Grammy-winning singer/songwriter and guitarist Peter Frampton has filed a lawsuit against Universal Music Group alleging systematic underpayment of digital music royalties.
According to Nashville’s Tennessean newspaper, the musician, whose iconic double live album Frampton Comes Alive! was one of the biggest-selling records of the 1970s, filed suit in a Los Angeles federal court last Friday. Frampton, whose hits include “Show Me The Way,” “Do You Feel Like We Do” and “Baby, I Love Your Way,” is asking for half a million dollars in unpaid roylties and unspecified damages, claiming that his longtime label deliberately set out to pay him at a rate lower than specified by the terms of his contract.
Frampton signed a solo recording contract with A&M Records in 1971. The label has since been absorbed into Universal Music Group.
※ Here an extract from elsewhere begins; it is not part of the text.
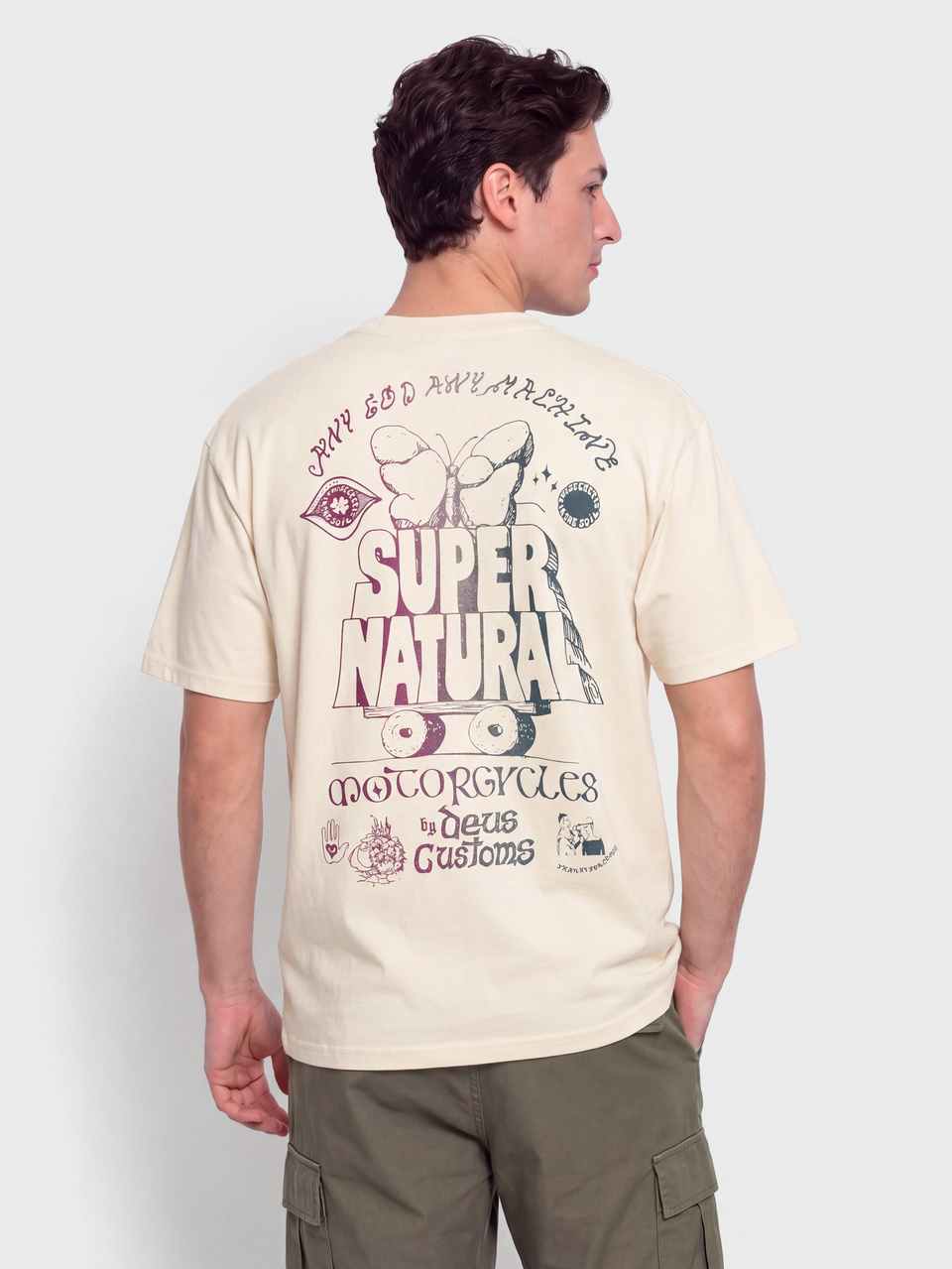 Deus Ex Machina Temple Torque T-Shirt (dirty white)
The guitarist signed a number of extensions over the decades, and in 1998 he and A&M agreed on a contract settlement that would pay Frampton a 50 percent royalty on any licensed music – that is, songs that are licensed for TV, films or commercials.
Rapper Eminem’s producers won a court case earlier this year that set a legal precedent for artists who claim that music sold online is licensed, since its delivery requires none of the usual packaging, shipping and warehousing costs associated with traditional music sales. Under those terms, Frampton’s suit alleges that Universal paid him several hundred thousand dollars less than was owing on his digital sales.
According to the legal filing, Universal sent Frampton a check for $212,000 in December after receiving a legal notice from the musician’s attorney. The rocker’s suit claims Universal sent the check “with the hope that Frampton would be deceived into cashing the check and thereby potentially relieving UMG Recordings from further liability.”
The brief further alleges that Universal “systematically and knowingly” breached its contract with Frampton and other artists by “applying policies and practices at issue in this matter at its highest corporate levels.”
“The issues in these cases go beyond simply breach of contract,” said Frampton’s attorney Richard Busch, who is also representing Eminem’s producers and Felice Catena, the sister and heir to The Knack drummer Bruce Gary, in similar lawsuits. “The plaintiffs allege the wrongdoing here is a part of deliberate effort to deprive the parties of their royalties.”
Universal Music Group has not commented publicly on Frampton’s lawsuit.